Ulric gesellte sich zu den Jägern. Niemand sagte etwas. Man musste kein Fährtenleser sein, um zu wissen, was diese Flecken bedeuteten. Hier hatte der Troll seine Beute zerlegt.

»Wir sollten umkehren«, sagte Eirik leise. »Ich schätze, ihr Lager ist ganz in der Nähe. Wir wissen nicht, wie viele es sind. Hier haben sie ihr Fleisch für das Feuer bereitet.«

»Wir werden nicht ohne Björn und Kadlin heimkehren«, sagte Ulric entschieden.

Der Anführer der Jäger rollte mit den Augen und schnitt eine Grimasse, als habe er es mit einem Idioten zu tun. »Bei allem Respekt, Ulric Alfadasson.«

So redete er ihn immer an, wenn er am liebsten gesagt hätte: Pfusch mir nicht ins Handwerk, eingebildeter Trottel!, dachte Ulric.
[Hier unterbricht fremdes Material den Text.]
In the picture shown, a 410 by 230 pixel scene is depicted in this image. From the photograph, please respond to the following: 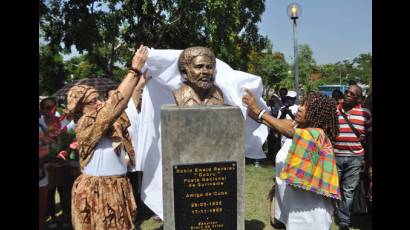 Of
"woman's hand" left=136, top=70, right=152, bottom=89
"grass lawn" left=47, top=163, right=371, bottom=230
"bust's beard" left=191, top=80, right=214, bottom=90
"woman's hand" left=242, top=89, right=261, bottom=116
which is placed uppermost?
"woman's hand" left=136, top=70, right=152, bottom=89

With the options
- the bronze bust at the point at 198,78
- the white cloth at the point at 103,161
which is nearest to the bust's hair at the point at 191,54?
the bronze bust at the point at 198,78

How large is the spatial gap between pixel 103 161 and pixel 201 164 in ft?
2.69

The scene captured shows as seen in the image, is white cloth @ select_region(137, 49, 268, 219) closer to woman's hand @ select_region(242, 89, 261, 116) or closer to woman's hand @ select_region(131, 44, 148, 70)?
woman's hand @ select_region(242, 89, 261, 116)

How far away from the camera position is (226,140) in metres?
3.02

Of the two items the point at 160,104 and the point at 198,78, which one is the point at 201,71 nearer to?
the point at 198,78

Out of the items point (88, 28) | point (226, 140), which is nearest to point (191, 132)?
point (226, 140)

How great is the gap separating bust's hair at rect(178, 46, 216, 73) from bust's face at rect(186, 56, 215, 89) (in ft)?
0.12

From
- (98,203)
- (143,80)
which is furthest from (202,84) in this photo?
(98,203)

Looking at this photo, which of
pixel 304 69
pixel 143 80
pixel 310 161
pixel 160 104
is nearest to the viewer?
pixel 310 161

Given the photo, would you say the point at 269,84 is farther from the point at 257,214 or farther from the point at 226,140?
the point at 226,140

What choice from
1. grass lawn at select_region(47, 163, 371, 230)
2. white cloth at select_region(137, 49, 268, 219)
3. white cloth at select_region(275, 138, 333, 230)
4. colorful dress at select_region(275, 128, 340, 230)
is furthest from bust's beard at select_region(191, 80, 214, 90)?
grass lawn at select_region(47, 163, 371, 230)

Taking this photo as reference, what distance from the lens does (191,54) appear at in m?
3.39

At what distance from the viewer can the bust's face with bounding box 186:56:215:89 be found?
11.0 ft

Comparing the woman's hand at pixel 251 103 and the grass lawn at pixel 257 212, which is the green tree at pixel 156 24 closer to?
the grass lawn at pixel 257 212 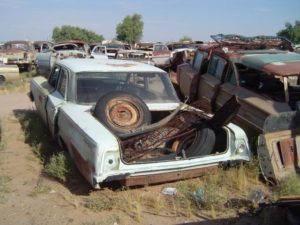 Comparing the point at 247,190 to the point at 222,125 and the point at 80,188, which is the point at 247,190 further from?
the point at 80,188

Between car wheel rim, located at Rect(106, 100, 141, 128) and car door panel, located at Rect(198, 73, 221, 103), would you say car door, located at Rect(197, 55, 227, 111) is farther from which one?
car wheel rim, located at Rect(106, 100, 141, 128)

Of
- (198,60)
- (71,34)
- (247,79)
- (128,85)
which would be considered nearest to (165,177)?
(128,85)

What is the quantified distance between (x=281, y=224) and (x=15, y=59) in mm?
20329

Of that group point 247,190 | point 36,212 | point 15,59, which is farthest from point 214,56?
point 15,59

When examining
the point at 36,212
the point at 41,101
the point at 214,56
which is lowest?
the point at 36,212

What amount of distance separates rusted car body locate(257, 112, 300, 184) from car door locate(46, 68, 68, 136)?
9.25 feet

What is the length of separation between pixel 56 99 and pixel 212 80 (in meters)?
3.26

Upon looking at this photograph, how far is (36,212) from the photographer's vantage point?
181 inches

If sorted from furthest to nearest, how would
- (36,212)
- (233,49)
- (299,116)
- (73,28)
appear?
(73,28)
(233,49)
(299,116)
(36,212)

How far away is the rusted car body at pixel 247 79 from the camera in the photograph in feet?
21.0

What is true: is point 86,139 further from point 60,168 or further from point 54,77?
point 54,77

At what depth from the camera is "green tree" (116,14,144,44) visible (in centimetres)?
8206

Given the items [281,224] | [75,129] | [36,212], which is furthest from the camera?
[75,129]

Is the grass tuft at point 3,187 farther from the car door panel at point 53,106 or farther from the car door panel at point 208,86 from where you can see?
the car door panel at point 208,86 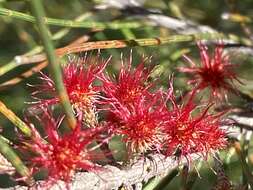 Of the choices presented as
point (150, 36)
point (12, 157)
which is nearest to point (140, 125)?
point (12, 157)

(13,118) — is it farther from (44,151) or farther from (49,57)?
(49,57)

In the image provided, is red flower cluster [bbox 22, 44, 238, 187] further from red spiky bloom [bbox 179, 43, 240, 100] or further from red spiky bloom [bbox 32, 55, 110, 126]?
red spiky bloom [bbox 179, 43, 240, 100]

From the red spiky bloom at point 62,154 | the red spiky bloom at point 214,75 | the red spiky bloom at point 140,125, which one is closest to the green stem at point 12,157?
the red spiky bloom at point 62,154

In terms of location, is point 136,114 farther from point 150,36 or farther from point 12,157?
point 150,36

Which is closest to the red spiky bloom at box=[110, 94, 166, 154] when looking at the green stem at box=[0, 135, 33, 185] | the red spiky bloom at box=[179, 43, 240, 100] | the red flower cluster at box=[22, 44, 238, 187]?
the red flower cluster at box=[22, 44, 238, 187]

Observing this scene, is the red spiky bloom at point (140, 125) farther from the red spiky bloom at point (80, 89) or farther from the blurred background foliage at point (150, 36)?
the blurred background foliage at point (150, 36)

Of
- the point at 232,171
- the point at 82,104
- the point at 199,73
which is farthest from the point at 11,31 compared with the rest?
the point at 82,104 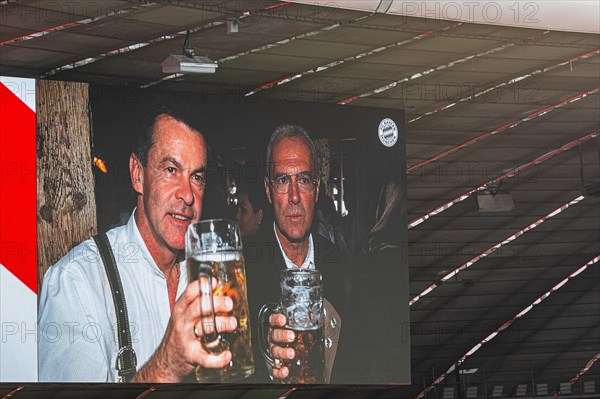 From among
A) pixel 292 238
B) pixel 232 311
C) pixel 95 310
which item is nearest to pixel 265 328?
pixel 232 311

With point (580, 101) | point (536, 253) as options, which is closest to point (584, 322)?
point (536, 253)

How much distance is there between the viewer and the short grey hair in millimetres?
9570

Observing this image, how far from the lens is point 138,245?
9016 millimetres

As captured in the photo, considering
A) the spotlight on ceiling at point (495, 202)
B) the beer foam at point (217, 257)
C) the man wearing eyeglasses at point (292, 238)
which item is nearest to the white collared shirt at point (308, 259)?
the man wearing eyeglasses at point (292, 238)

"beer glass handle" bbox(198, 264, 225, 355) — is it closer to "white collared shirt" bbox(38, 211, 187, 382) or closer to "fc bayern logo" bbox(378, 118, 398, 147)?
"white collared shirt" bbox(38, 211, 187, 382)

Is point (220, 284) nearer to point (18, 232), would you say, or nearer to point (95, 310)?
point (95, 310)

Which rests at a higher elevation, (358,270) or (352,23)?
(352,23)

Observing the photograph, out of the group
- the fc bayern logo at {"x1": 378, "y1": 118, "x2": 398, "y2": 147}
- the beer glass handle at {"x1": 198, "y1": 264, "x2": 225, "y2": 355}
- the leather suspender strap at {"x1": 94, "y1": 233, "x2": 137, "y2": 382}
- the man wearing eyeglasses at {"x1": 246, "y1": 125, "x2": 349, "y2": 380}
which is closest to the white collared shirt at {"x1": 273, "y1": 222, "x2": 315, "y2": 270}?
the man wearing eyeglasses at {"x1": 246, "y1": 125, "x2": 349, "y2": 380}

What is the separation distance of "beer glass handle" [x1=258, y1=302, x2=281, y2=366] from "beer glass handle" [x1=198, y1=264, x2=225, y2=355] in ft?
1.29

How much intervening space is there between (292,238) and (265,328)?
36.2 inches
»Unsere Jagdgruppe ist nicht stark genug, um es mit einem Rudel Trolle aufzunehmen. Wenn ich glaubte, dass es einen Sinn hätte, dann würde ich mich auf diese Gefahr einlassen. Ich denke, niemand hier würde mich einen Feigling nennen.«

Eirik blickte kurz auf, um sich zu vergewissern, dass keiner es wagte, ihm zu widersprechen. »Die beiden sind seit drei Tagen überfällig. Ich war unten am Fjord, nachdem dein Vater die Trolle vertrieben hatte. Ich habe ihr Lager gesehen. Und das, was sie mit ihren Gefangenen gemacht haben. Niemand will das sehen! Es verfolgt mich noch heute in meinen Träumen. Sie werden Kadlin und Björn geschlachtet haben. Behalten wir die beiden in Erinnerung, wie wir sie kannten! Ihnen wäre das auch lieber.«

Ulric standen die Schreckensbilder seiner Kindheit wieder vor Augen. Er hatte nur seinem Vater erzählt, wie die Trolle ihn und Halgard und all die anderen Überlebenden aus dem brennenden Honnigsvald getrieben hatten. Am Ufer des Fjords waren sie wie Vieh zusammengepfercht worden. Er hatte nicht nur ein verlassenes Lager gesehen ... Er war mitten drin gewesen, als die Schlächter gekommen waren. Sie hatten auch Halgard holen wollen. Er hatte den Troll, der sie ausgewählt hatte, mit dem Dolch angegriffen, den ihm einst der Schwertmeister geschenkt hatte. Es war aussichtslos gewesen. Das Einzige, was er erreicht hatte, war, dass der Troll mit den Brandnarben auf der Brust ihn statt Halgard mitgenommen hatte. Warum er nicht geschlachtet worden war, hatte Ulric nie ganz begriffen. Es war Glück gewesen. Genauso wie es Glück gewesen war, dass die Elfe Yilvina gekommen war, um sie mitten aus dem Lager der Trolle zu befreien.